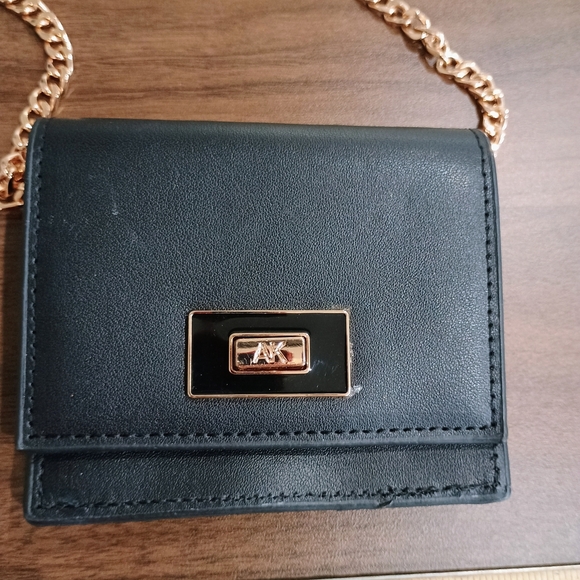 Elegant Crossbody Wallet - Picture 3 of 6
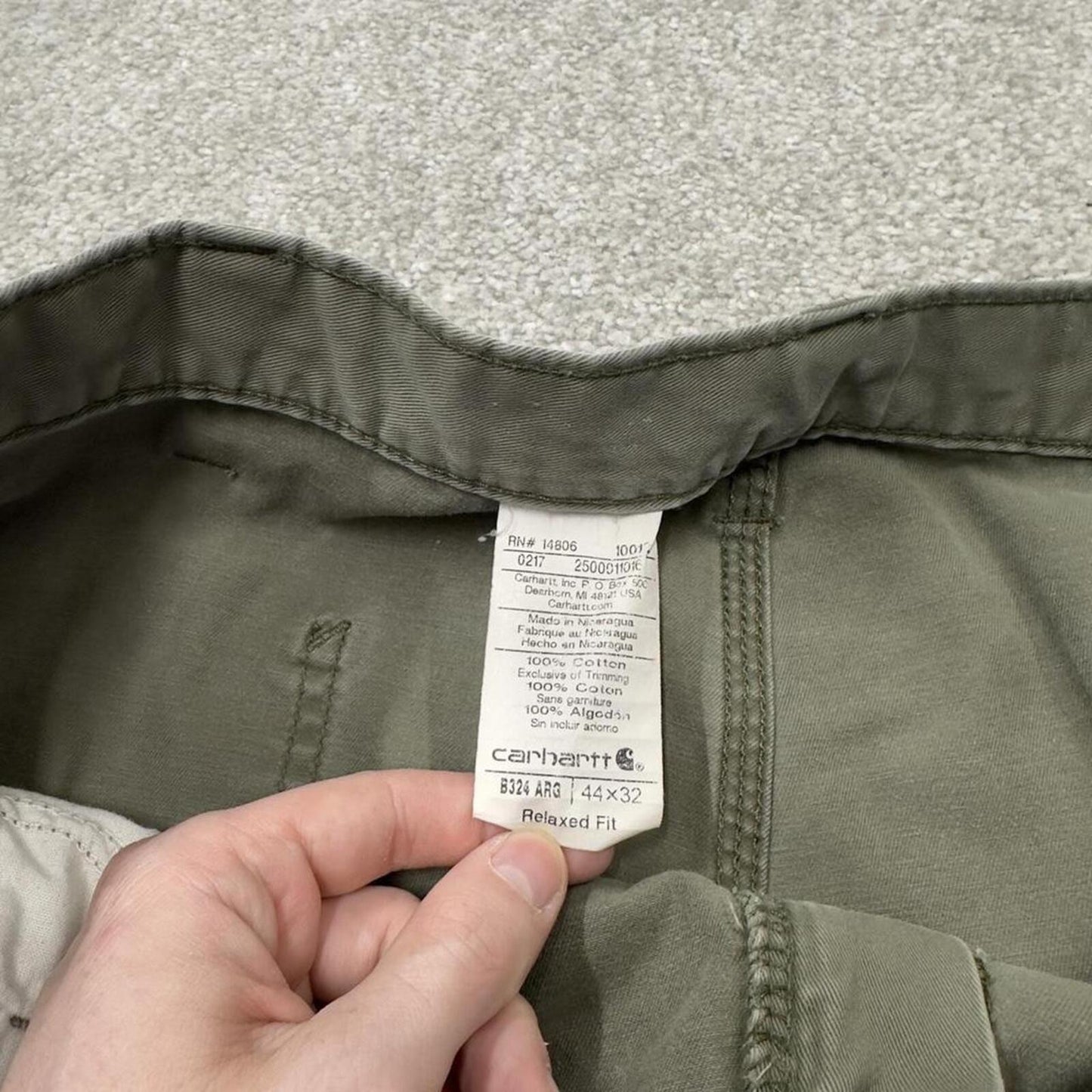 Vintage Carhartt carpenter shorts green Loose cargo skater style relaxed workwear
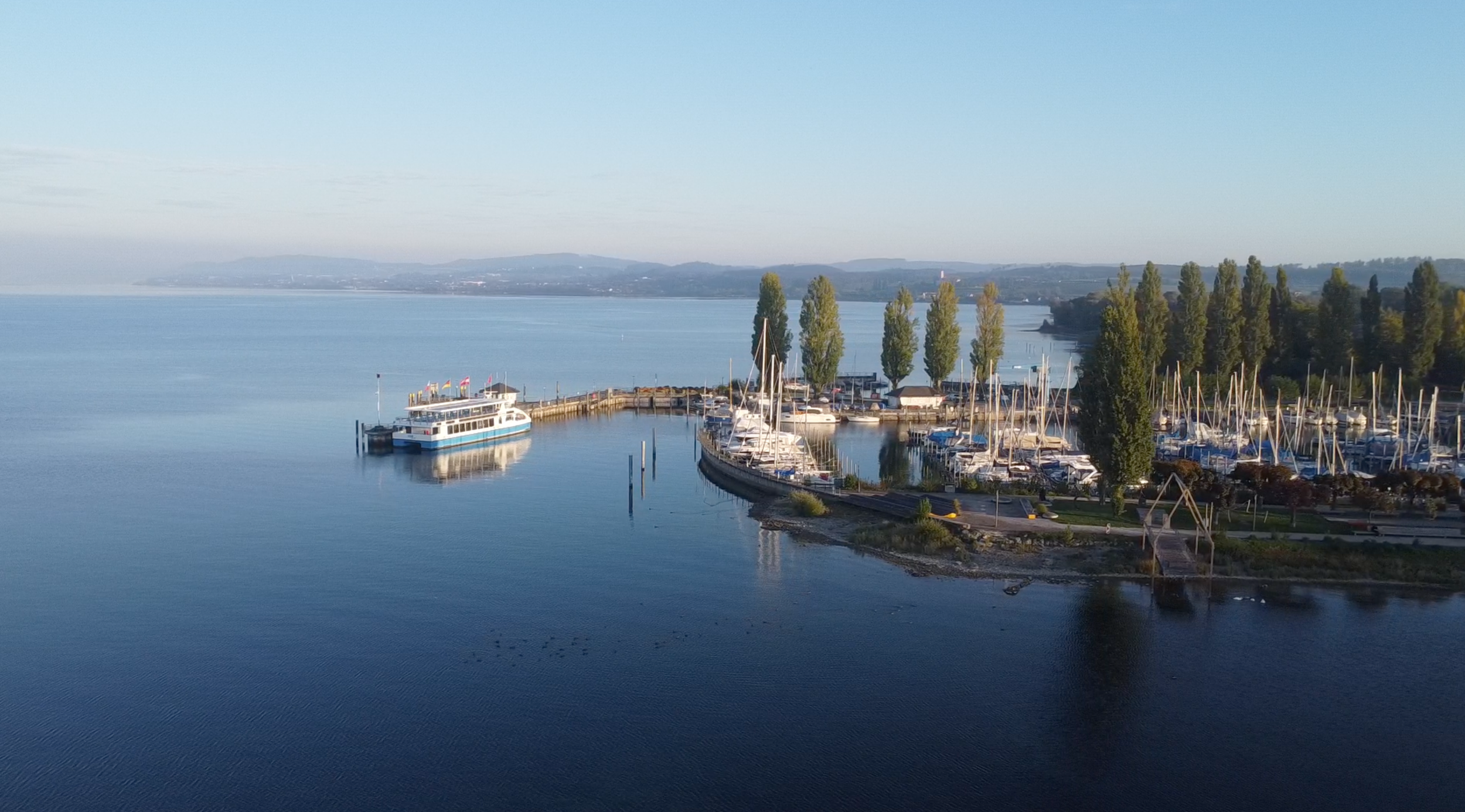 bodensee-veranstaltungen-schiff-unteruhldinger-hafen-thumbnail.jpg
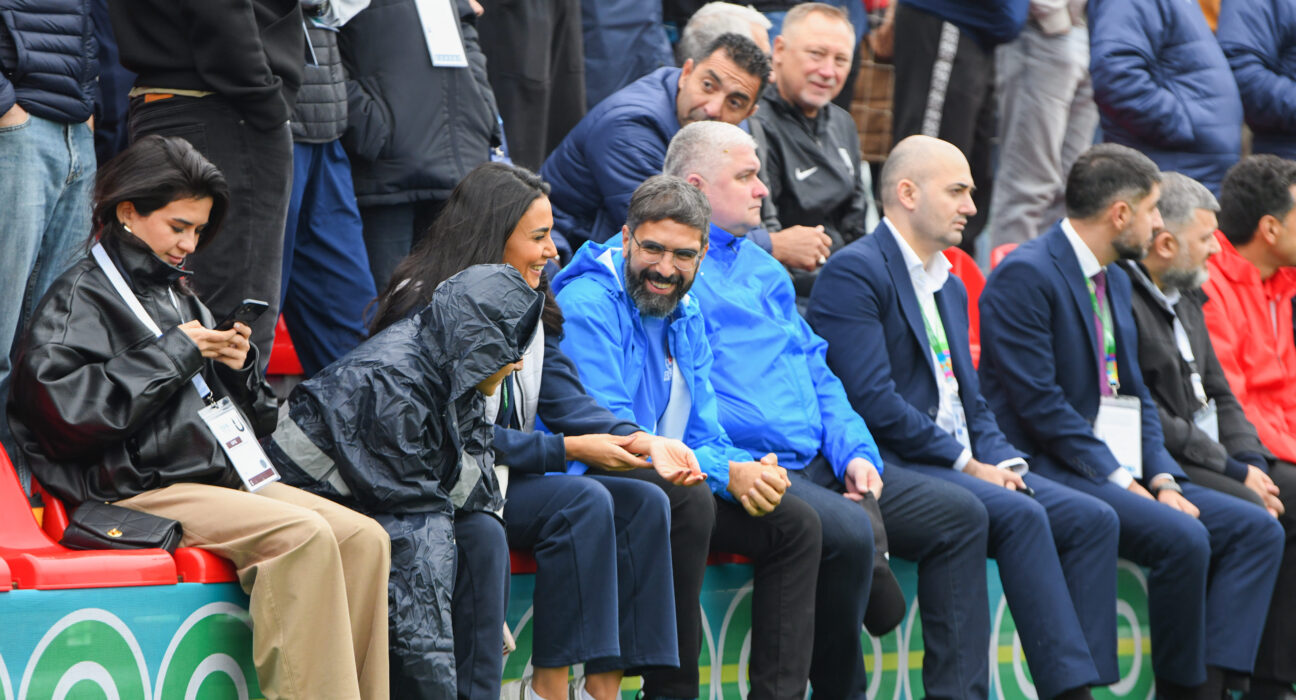 AFFA prezidenti millinin oyununu izlədi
·····
→ Task instructions
Since only the text is needed, retype the data above exactly and omit the pictures.

→ Expected answer
 Elegant Crossbody Wallet - Picture 3 of 6
 Vintage Carhartt carpenter shorts green Loose cargo skater style relaxed workwear
 bodensee-veranstaltungen-schiff-unteruhldinger-hafen-thumbnail.jpg
 AFFA prezidenti millinin oyununu izlədi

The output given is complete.